Lorna Simpson. Wigs (Portfolio). 1994

Portfolio of twenty-one lithographs on felt, with seventeen lithographed felt text panels, overall: 6' x 13' 6" (182.9 x 411.5 cm). Purchased with funds given by Agnes Gund, Howard B. Johnson, and Emily Fisher Landau. © 2018 Lorna Simpson

Wigs Portfolio comprises of 21 different pieces of felt, with images of wigs that are transferred onto the felt via lithography. I live in Brooklyn and part of the project involved going to Fulton Mall, which is a large mall in downtown Brooklyn that has at least fifty different stores where you can buy all sorts of wigs, from real hair---human hair to yak hair-- to synthetic hair. So I spent a couple of afternoons going to each store and buying as many wigs that I thought were as interesting and kind of different from one another in terms of type. There was one wig that looks like a platinum blonde Lana Turner style hair style, from the fifties; another wig that has braids that are configured to fall in curly shapes. There are also two doll wigs that are fairly small in scale, from the turn of the century. There is another that is called a merkin, which is a 16th Century French word for a wig that covers one's genitals, and it was very popular during that time in the French court. It is a triangular piece of hair that resembles a woman's genital area.
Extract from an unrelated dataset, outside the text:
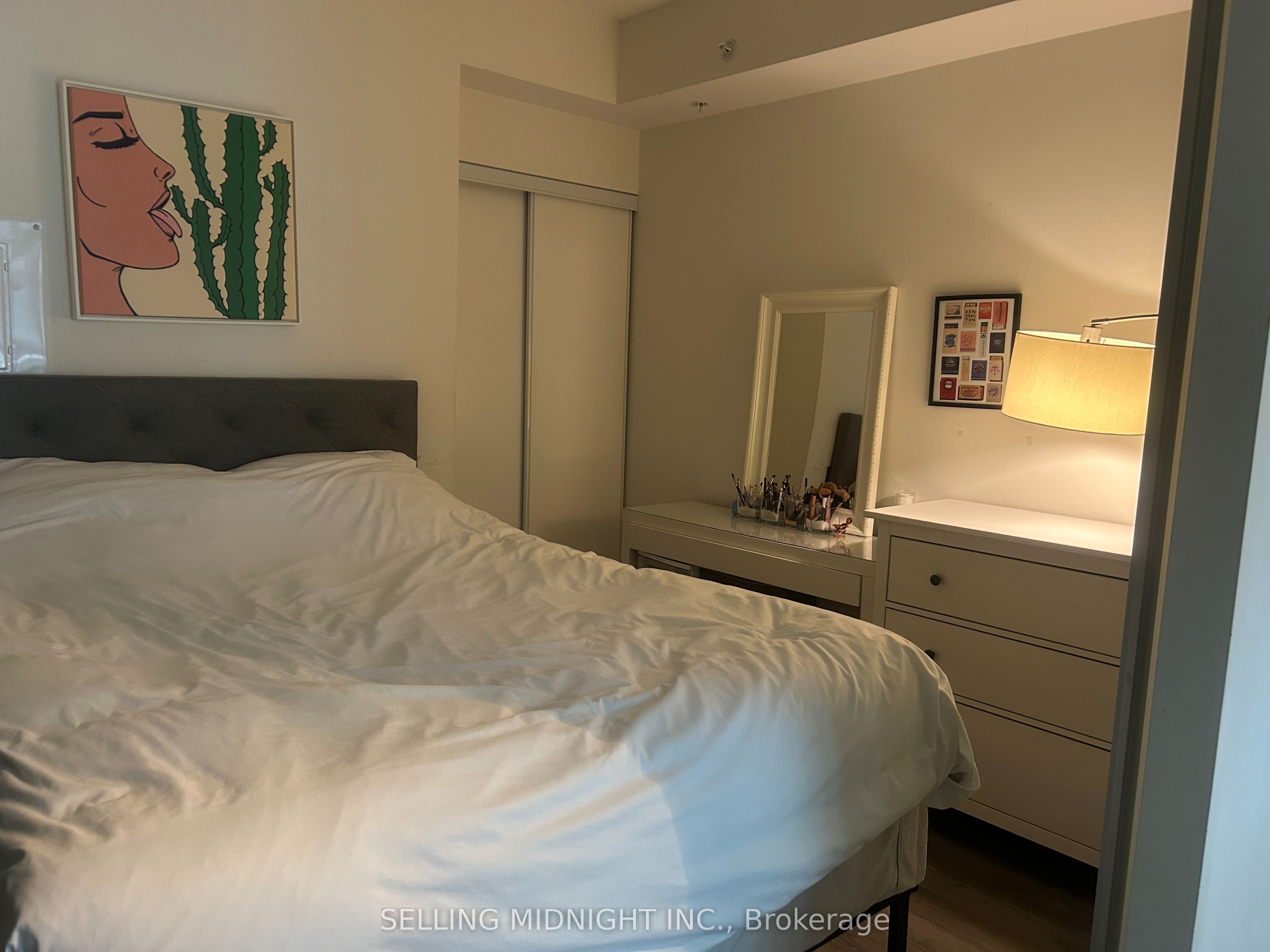 #1404 - 20 Joe Shuster Way Property Photo 10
All of the wigs are approximately to scale, so that when you're standing before it, you do have the sense of it being a wig that one would put on one's head. This work came at a point where I wanted to eliminate the figure from-- or eliminate its presence from the work, but I still wanted to talk about that presence. So, the wigs act as a surrogate for talking about the body or speaking about the presence of a person in the work. The wearer of the wigs can either become someone else or become closer to the person that one sees oneself to be in terms of either embracing or cutting across a particular stereotype, or in terms of gender blurring the lines between masculinity and femininity.